Ich schüttelte den Kopf. »Bruce ist Akademiker durch und durch und Nancy eine brillante, ebenfalls sehr anerkannte Person …«

»Verschonen Sie mich. Wir haben fast mit jedem gesprochen, der auf dieser Party war. Wir haben alles Gesagte analysiert, genauso wie das Nicht-Gesagte. Letzteres klingt übrigens ohrenbetäubend laut. Was alle diese Freunde und Verwandten nämlich übereinstimmend nicht sagen, ist, dass Jim das schwarze Schaf der Familie war.«

Ich blieb stumm.

Er fragte: »Wie dicht bin ich dran?«

»Es… es gibt Menschen, die das so sehen.«

Straker ließ ein abfälliges Schnauben hören.

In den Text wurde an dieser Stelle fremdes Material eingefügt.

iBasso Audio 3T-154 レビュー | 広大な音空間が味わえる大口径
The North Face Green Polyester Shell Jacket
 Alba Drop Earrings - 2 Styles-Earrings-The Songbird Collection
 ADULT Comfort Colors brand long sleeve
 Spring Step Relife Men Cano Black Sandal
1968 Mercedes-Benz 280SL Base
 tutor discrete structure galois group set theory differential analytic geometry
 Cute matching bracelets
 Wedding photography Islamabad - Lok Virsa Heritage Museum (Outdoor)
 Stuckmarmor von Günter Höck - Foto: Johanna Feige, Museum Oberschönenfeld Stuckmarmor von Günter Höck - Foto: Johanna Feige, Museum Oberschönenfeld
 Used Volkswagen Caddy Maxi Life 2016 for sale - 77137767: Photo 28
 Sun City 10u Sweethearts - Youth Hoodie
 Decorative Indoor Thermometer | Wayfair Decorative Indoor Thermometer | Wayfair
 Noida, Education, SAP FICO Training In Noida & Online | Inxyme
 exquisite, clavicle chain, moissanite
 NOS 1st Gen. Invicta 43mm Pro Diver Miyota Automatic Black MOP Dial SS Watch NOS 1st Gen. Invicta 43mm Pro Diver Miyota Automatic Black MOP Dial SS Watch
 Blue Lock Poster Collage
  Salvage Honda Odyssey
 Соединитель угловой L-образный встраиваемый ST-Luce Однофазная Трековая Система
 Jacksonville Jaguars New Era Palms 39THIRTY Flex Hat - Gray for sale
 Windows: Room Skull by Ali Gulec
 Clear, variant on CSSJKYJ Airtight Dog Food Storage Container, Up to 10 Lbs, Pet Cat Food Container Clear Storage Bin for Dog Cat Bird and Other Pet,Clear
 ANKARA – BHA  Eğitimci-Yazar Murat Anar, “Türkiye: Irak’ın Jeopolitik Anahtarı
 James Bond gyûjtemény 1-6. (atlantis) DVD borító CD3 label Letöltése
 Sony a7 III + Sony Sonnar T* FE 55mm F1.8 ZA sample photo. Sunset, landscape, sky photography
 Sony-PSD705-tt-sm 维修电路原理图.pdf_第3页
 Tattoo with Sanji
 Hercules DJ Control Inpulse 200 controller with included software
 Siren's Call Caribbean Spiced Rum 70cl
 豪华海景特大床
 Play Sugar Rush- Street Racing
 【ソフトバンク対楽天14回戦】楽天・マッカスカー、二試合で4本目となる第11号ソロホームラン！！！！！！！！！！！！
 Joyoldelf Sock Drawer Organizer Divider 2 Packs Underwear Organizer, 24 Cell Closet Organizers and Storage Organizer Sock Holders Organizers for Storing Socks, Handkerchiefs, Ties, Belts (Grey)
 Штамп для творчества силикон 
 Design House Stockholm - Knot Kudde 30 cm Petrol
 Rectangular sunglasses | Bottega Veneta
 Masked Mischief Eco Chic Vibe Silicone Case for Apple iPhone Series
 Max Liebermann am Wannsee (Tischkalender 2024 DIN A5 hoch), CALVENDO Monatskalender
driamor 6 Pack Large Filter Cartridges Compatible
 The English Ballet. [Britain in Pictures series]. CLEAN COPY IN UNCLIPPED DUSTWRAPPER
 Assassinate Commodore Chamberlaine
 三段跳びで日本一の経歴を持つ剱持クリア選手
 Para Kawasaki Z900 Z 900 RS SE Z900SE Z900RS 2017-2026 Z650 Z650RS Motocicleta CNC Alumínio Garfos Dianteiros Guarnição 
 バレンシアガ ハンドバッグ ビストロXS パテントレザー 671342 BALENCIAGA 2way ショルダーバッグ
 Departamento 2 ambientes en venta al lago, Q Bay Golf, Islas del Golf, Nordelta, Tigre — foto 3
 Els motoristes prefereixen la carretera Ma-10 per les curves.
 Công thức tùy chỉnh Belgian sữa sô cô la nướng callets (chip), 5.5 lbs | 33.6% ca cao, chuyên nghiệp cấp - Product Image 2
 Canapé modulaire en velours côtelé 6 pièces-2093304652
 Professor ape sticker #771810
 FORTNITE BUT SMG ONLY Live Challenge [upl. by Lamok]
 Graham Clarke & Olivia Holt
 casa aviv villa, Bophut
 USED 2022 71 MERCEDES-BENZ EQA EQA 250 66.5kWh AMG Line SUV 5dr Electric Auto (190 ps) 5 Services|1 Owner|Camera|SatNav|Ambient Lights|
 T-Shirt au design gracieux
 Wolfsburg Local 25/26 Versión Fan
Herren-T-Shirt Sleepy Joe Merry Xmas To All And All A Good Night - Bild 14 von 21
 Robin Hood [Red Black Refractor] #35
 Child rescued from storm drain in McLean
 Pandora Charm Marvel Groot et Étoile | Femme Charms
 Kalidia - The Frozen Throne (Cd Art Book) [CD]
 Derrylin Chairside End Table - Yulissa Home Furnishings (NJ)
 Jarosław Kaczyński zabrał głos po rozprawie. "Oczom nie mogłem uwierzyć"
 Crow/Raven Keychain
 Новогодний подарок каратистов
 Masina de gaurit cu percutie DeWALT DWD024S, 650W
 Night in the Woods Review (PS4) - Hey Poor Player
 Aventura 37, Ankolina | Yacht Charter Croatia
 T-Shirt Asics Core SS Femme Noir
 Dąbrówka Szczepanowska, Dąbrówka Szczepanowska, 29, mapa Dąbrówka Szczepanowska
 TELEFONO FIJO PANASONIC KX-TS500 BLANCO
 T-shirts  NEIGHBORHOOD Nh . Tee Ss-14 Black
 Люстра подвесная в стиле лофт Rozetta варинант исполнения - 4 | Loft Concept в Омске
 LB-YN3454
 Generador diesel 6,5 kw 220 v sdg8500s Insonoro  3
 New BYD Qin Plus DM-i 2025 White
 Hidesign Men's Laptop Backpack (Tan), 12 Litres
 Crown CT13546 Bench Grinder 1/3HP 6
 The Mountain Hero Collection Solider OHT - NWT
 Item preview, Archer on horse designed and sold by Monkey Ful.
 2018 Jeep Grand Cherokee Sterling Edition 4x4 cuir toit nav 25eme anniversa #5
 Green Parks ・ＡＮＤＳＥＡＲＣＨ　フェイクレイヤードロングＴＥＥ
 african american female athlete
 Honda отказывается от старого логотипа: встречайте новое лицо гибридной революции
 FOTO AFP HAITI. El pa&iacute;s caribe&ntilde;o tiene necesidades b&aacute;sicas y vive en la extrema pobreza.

»Hören Sie«, sagte ich, »ich möchte mich mit Ihnen nicht über irgendwelche Gerüchte bezüglich der Fells unterhalten. Ich kann Ihnen nur sagen, was ich gesehen und gehört habe, und das habe ich bereits getan. Aber jetzt möchte ich wissen, was Sie eigentlich andeuten wollen.«

Er blickte mich für einen langen Augenblick an. »Ich nehme an, dass Sean und Jim ihre Meinungsverschiedenheiten mit nach draußen genommen haben. Jim hat Sean immer weiter beleidigt. Aber dieses Mal ist er zu weit gegangen. Sie haben miteinander gekämpft, mit allen Mitteln, und Sean hat seinem Bruder den Schädel eingeschlagen. Als ihm klar wurde, dass Jim tot ist, da hat er den Jaguar irgendwo versteckt, damit es wie ein Autodiebstahl aussieht. Dann ist er nach Hause gegangen und hat gewartet, bis die Leiche gefunden wird.«

Ich schüttelte schon den Kopf, bevor Straker fertig war. Mir war schlecht.

Einmal bin ich mit Sean vom Krankenhaus nach Hause gefahren. Unterwegs hielt er an, um eine Schildkröte von der Straße aufzuheben und in Sicherheit zu bringen. Ich habe ihm jeden Tag dabei zugesehen, wie er vorsichtig und zärtlich meine sterbende Schwester gebadet hat. Das war ihm lieber, als sie der Pflege der Schwestern zu überlassen, die es manchmal eilig hatten und meiner Schwester dabei wehtaten.

Ich suchte nach Worten, gestikulierte und sagte schließlich nur: »Ausgeschlossen.«

»Das sehe ich anders«, erwiderte Straker. Er lehnte sich zurück und holte sein Notizbuch aus der Innentasche seines Jacketts. Ich hatte gesehen, wie er sich während der Befragung der Familienmitglieder am Samstag ständig Notizen gemacht hatte. Er blätterte, suchte nach etwas und hatte es anscheinend gefunden. Einen Augenblick lang las er.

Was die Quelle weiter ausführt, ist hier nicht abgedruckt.